### What is expected
All the data should be printed again exactly as written.
[Input material — start]
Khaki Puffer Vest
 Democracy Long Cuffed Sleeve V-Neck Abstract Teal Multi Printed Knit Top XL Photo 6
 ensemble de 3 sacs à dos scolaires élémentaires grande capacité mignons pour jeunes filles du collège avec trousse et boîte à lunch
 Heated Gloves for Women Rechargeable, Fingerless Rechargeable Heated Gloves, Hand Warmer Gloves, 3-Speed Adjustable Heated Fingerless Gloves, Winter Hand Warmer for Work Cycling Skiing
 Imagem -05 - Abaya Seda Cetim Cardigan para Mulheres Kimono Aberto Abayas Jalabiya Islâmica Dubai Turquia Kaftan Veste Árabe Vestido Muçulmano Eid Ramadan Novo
[Input material — finish]
### Task answer
Khaki Puffer Vest
 Democracy Long Cuffed Sleeve V-Neck Abstract Teal Multi Printed Knit Top XL Photo 6
 ensemble de 3 sacs à dos scolaires élémentaires grande capacité mignons pour jeunes filles du collège avec trousse et boîte à lunch
 Heated Gloves for Women Rechargeable, Fingerless Rechargeable Heated Gloves, Hand Warmer Gloves, 3-Speed Adjustable Heated Fingerless Gloves, Winter Hand Warmer for Work Cycling Skiing
 Imagem -05 - Abaya Seda Cetim Cardigan para Mulheres Kimono Aberto Abayas Jalabiya Islâmica Dubai Turquia Kaftan Veste Árabe Vestido Muçulmano Eid Ramadan Novo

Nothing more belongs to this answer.